Ленин высоко ценил дидактические возможности кино, говорил, что «из всех искусств для нас важнейшим является кино» [Ленин 1967–1975,44: 579; Figes 2002:451]. Старый, красивый, но способный рассказывать новые истории, балет также считался формой искусства, которая должна послужить новой пролетарской визуальной культуре [36] .
36
По иронии судьбы Ленин сам стал объектом визуального «насыщения». Это случилось, когда после его смерти Комиссия по увековечению памяти В. И. Ульянова-Ленина
В первые годы революции многие критиковали балеты Мариинского и Большого театров за элитарность и отсутствие революционного видения. Но были и те, кто их поддерживал – ведь они были воплощением старой русской культурной традиции, которую следовало сохранить. В августе 1919 года Совет народных комиссаров национализировал все театральное имущество России, и все театры попали в ведение Центрального театрального комитета – Центротеатра [Swift 1968: 32]. В 1920 году к названиям балетных трупп было добавлено слово «академический», что закрепило их значение для пролетарского дела. Считается, что Ленин старался приберечь топливо для нужд театра даже тогда, когда его не хватало для столь важных государственных объектов, как больницы и поезда. В споре с А. В. Галкиным, который призывал закрыть театры, Ленин говорил:
Мне только кажется… что товарищ Галкин имеет несколько наивное представление о роли и назначении театра. Театр нужен не столько для пропаганды, сколько для отдыха работников от повседневной работы. И наследство буржуазного искусства нам рано еще сдавать в архив [Зарубин 1990].

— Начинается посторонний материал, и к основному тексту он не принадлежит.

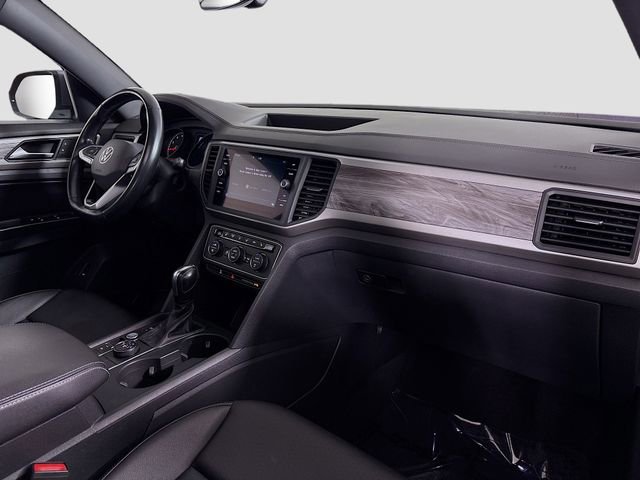 Used 2020 Volkswagen Atlas Cross Sport SE image 30
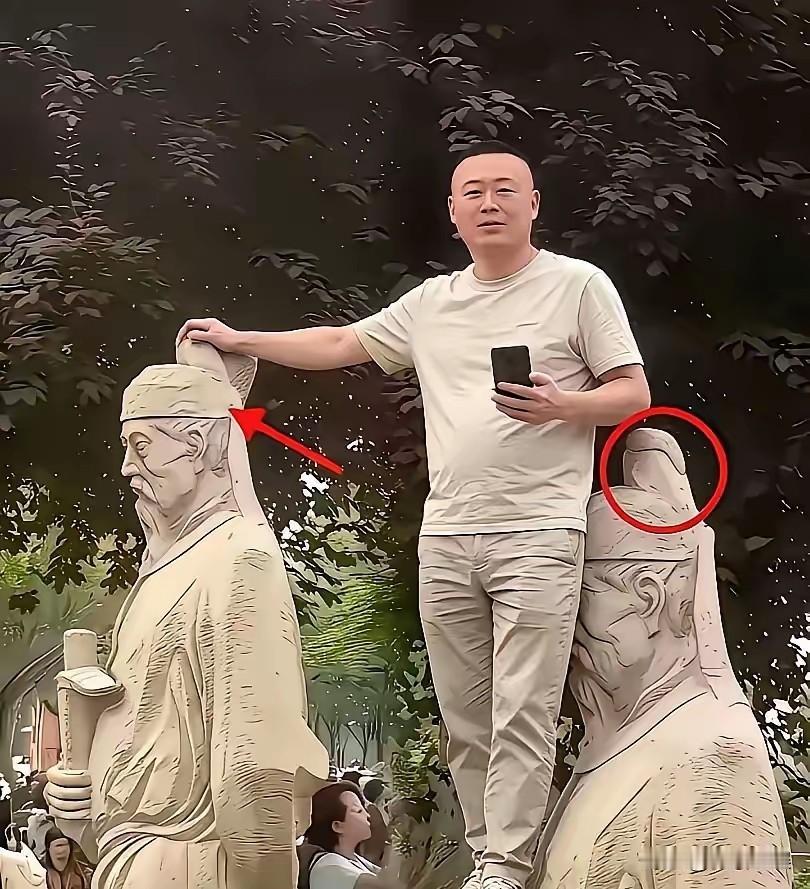 不以为耻，反以为荣！小伙子长相体面，穿着也得体，站得很高，位置却选错了。在西
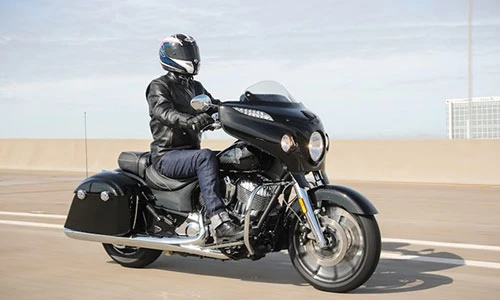 Bộ đôi môtô Indian Chieftain đặc biệt giá từ 566 triệu 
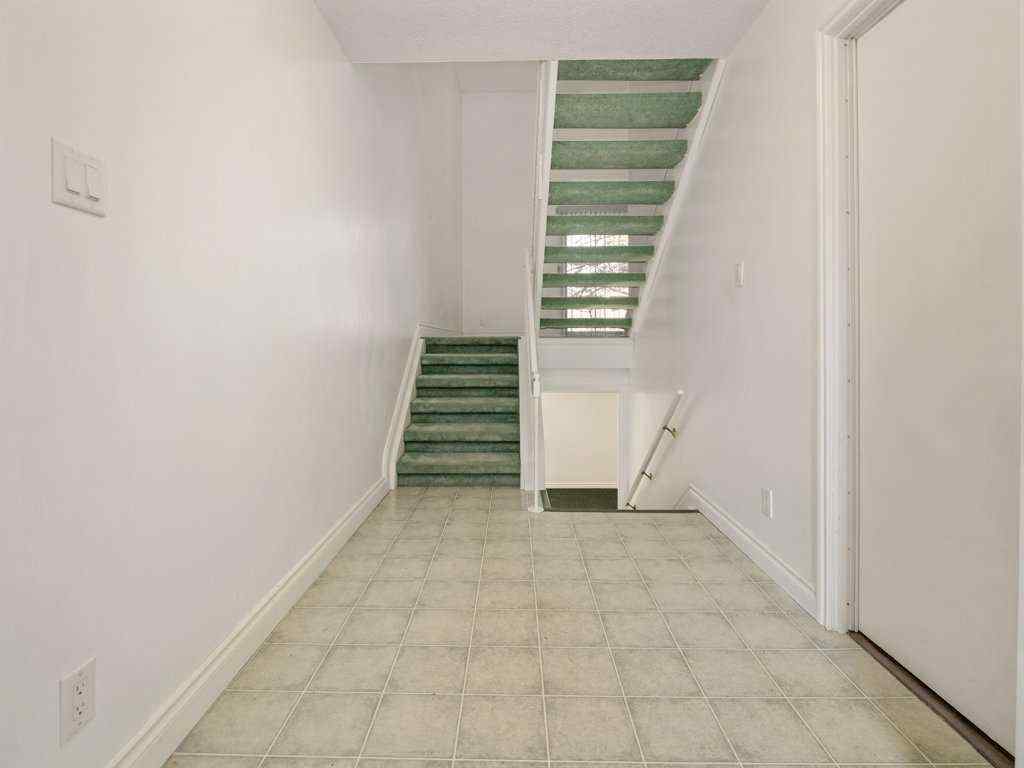 MLS&reg; # A2271686 - Unit #5 1520 23 Avenue N in Winston Churchill Lethbridge, Residential Open Houses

Вскоре Совет Народных Комиссаров проголосовал за решение Ленина [Swift 1968: 37–38]. Нет ничего удивительного, что искусство, исполнявшееся на театральных подмостках, посчитали «нужным только для пропаганды» [Swift 1968: 34]. Это следовало из самого заявления Ленина, в котором он разъяснял, что отныне режим, а не художник, должен и будет определять развитие искусства [Treadgold 1973].
В 1917 году русский балет стал советским балетом, и это официально закрепило взаимосвязь государственной повестки и культурных институций, а также упрочило связи этих институций с балетом. Мариинский театр также изменил название и стал в 1920 году Государственным академическим театром оперы и балета (ГАТОВ), а затем, после того как в 1934 году по приказу Сталина был убит большевистский лидер С. М. Киров, получил его имя. При этом Большой театр сохранил свое изначальное название.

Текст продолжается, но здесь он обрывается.